At the same time, Mr Juncker signalled the new €109bn bail-out for Greece – agreed just two months ago – was likely to be reopened, particularly the complicated plan to get Greek bondholders to shoulder some of the burden by taking an estimated 21 per cent “haircut” on their debt repayments. Any new plan is likely to require deeper cuts for private bondholders, though Mr Juncker declined to say what changes would occur.

“We have to take into account we have experienced changes since the decision we had taken on July 21,” he said. “These are technical revisions were are discussing.”

Although the finance ministers delayed yet again the decision on the Greek aid tranche, they did settle a long-festering disagreement over a demand by Finland to get Greek collateral in exchange for participating in the new bail-out.

Under a deal brokered by Klaus Regling, the head of the eurozone’s €440bn bail-out fund, Finland will now be able to get collateral, but only under highly onerous terms that all other eurozone countries agreed to shun.
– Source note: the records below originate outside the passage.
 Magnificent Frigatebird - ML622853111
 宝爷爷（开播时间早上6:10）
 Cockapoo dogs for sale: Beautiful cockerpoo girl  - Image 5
The deal will force Finland to pay in billions of euros into a new, permanent €500bn bail-out fund in 2013, the year it comes into operation; all 16 other eurozone countries are allowed to make payments into the new fund over five years.

In addition, Finland would be forced to forfeit most of the profits it would be due on bail-out loans to Greece and, if Greece were to default, Finland would not be able to access its collateral for more than 15 years.

The collateral will also come in a much more roundabout manner than the original cash deal Helsinki struck with Athens this summer. Mr Regling said Greek government bonds would be given to Greek banks, which would then turn them over to an independent trustee. The trustee would sell the bonds and use the proceeds to invest in highly rated debt, which would only then be held as collateral for Finland.

That complicated process may enable the eurozone to avoid defaulting on Greek bonds with so-called “negative pledge” clauses. Such clauses, which exist in about 10 per cent of Greek bonds, force a default if some creditors are given a better deal than others.

For the first time, eurozone finance ministers discussed increasing the firepower of the €440bn bail-out fund, formally known as the European Financial Stability Facility, although no decisions were made. Officials believe new tasks soon to be given to the EFSF – including the ability to recapitalise eurozone banks and to buy bonds of struggling eurozone governments – will require more than €440bn.

Mr Juncker said there was general agreement that measures to increase the fund’s “efficiency” were needed – widely expected to be a plan to leverage its assets so it can intervene well beyond its €440bn headline number – and suggested a new plan could be agreed by the end of the month.

Mr Juncker said that plans to increase the EFSF’s firepower by leaning on the European Central Bank were not likely to be approved, narrowing the number of options under consideration.